Search code examples
visual-studio-2010profilerperformancecountercpu-cache

How far should one trust hardware counter profiling using VsPerfCmd.exe?


I'm attempting to use VsPerfCmd.exe to profile branch misprediction and last level cache misses in an instrumented native application.

The setup works as it says on the tin, but the results I'm getting don't seem sensible. For instance, a function that always touches a data set of 24MB is reported to only cause ~700 cache misses when being called ~2000 times. Now let me put this into perspective - The function linearly traverses two arrays of 1024*1024 elements of 12-byte elements. For every element, it randomly decides whether it needs information of an element 1024 indices before or after it. That means in order to not generate any cache misses, the CPU would always have to have at least three sections of 1024*12 bytes each of both these arrays in cache. Furthermore, after every iteration the process yields the CPU using sleep() for about 8 milliseconds. I can't imagine any hardware prefetcher doing that good a job.

How would this silly amount of data not generate more last level cache misses than VsPerfCmd says? Even though my i7 has 8MB of shared L3 cache, this seems highly unlikely. Can anyone share their opinions on what might be going on here? Of course "VsPerfCmd.exe sucks" would be a valid answer but if someone is going to say that, I'd like to at least hear of a similar experience someone had as a basis for this assertion.


Solution

  • Answering my own question - So, after trying to verify the VsPerfCmd results using Intel VTune Amplifier XE™ (this is no advertising, I just like typing out product names like that because it amuses my how they can be so silly), I can definitely say that they are garbage.

    That's just a rough comparison, as I havent found out how to get the number of times a function was called from VTune, but an approximate 900 calls resulted in 1,040,000 Last Level Cache misses, according to VTune.
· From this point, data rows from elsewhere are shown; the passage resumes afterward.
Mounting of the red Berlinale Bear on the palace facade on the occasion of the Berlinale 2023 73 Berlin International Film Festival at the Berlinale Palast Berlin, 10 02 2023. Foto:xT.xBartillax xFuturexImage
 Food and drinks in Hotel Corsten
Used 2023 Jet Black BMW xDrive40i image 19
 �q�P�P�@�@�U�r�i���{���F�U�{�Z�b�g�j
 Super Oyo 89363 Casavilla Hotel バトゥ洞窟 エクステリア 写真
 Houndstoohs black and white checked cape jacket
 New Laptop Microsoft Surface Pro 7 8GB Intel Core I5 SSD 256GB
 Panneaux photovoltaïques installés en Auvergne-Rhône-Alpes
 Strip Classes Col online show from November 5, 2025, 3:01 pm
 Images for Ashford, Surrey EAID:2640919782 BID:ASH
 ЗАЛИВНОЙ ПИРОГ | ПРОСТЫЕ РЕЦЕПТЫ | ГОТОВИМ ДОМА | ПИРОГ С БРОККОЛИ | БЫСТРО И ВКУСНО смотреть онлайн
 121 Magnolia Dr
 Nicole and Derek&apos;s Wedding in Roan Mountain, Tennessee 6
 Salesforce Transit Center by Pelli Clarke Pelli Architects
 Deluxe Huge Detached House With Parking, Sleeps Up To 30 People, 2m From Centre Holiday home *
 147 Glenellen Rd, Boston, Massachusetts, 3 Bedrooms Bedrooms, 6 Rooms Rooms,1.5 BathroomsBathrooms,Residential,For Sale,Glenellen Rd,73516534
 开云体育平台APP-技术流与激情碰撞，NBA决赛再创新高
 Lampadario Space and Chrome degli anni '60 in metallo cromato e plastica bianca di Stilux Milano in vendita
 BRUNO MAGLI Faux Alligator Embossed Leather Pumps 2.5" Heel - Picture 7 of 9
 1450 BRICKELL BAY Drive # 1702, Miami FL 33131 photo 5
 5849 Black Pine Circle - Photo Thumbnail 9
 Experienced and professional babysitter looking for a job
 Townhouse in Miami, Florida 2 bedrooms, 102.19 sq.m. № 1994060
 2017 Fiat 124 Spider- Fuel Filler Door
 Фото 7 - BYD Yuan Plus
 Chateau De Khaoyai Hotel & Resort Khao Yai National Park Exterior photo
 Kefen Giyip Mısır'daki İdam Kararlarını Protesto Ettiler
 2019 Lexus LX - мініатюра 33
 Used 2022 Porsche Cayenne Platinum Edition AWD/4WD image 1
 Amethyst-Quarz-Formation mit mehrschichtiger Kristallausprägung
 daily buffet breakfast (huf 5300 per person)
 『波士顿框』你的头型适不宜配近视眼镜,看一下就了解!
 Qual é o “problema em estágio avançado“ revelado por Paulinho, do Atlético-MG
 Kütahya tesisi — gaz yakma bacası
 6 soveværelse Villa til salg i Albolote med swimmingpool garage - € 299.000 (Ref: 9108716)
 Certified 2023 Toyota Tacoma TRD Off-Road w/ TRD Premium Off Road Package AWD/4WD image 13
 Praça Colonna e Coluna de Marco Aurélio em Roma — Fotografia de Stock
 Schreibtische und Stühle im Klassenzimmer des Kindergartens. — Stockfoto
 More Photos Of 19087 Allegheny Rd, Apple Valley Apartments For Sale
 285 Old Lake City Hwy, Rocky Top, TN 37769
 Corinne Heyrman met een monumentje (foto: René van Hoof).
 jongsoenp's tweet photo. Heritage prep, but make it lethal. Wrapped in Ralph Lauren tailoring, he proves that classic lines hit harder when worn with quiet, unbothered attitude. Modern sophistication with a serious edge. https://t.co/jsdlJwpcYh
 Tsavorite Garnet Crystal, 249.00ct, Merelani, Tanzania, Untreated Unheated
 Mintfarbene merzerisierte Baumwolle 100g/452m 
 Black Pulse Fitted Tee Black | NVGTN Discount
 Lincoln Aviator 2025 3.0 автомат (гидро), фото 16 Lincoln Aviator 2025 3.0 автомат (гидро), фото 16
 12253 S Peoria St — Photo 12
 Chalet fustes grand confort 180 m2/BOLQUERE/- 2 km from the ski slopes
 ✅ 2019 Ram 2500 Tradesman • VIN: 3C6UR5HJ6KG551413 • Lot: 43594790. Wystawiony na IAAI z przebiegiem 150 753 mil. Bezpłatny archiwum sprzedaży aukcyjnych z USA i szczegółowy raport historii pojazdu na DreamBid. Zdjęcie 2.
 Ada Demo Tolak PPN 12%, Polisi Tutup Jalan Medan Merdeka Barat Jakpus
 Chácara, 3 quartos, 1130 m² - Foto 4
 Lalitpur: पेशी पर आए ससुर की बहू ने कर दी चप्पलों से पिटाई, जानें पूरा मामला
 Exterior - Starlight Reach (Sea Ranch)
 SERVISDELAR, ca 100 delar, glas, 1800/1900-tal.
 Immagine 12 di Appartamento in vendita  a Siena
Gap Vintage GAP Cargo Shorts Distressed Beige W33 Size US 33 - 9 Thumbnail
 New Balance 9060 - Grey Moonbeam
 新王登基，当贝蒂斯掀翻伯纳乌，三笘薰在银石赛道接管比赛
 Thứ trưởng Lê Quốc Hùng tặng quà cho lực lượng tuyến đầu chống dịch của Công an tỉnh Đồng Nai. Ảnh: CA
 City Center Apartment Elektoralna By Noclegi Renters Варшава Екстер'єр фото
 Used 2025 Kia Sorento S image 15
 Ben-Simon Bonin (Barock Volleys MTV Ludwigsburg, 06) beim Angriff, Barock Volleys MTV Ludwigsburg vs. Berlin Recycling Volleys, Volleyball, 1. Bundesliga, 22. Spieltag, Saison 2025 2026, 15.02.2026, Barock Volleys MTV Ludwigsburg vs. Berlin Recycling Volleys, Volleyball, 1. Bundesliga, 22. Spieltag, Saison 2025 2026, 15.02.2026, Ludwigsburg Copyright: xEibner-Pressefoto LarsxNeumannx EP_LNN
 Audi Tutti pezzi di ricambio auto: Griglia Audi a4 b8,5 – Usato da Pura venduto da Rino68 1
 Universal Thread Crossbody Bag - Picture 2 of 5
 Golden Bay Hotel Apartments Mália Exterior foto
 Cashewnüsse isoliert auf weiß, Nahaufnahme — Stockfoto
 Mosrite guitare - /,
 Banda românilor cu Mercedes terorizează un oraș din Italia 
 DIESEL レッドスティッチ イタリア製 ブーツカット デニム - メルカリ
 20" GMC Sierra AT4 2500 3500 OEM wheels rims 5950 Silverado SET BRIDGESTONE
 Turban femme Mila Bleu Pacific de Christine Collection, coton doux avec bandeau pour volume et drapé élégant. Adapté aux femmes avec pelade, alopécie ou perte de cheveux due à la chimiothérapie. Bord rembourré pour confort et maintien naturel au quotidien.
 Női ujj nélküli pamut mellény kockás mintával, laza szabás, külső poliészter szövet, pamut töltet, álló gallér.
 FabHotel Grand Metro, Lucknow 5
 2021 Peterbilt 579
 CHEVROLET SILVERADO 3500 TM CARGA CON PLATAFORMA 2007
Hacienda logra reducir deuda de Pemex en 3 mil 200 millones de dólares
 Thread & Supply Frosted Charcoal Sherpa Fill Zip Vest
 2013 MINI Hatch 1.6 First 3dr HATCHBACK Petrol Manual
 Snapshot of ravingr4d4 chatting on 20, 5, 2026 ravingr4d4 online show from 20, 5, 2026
Contrasting that to the ~ 2000 calls profiled with VsPerfCmd and and the reported ~ 700 LLC misses, it's safe to assume that the VTune results are much more reasonable.

    Of course I cant say anything more specific than "VsPerfCmd was very likely wrong" - The why's and the how's of this phenomenon remain unclear. Should anyone who knows more feel an urge to elaborate on this, shoot me a comment!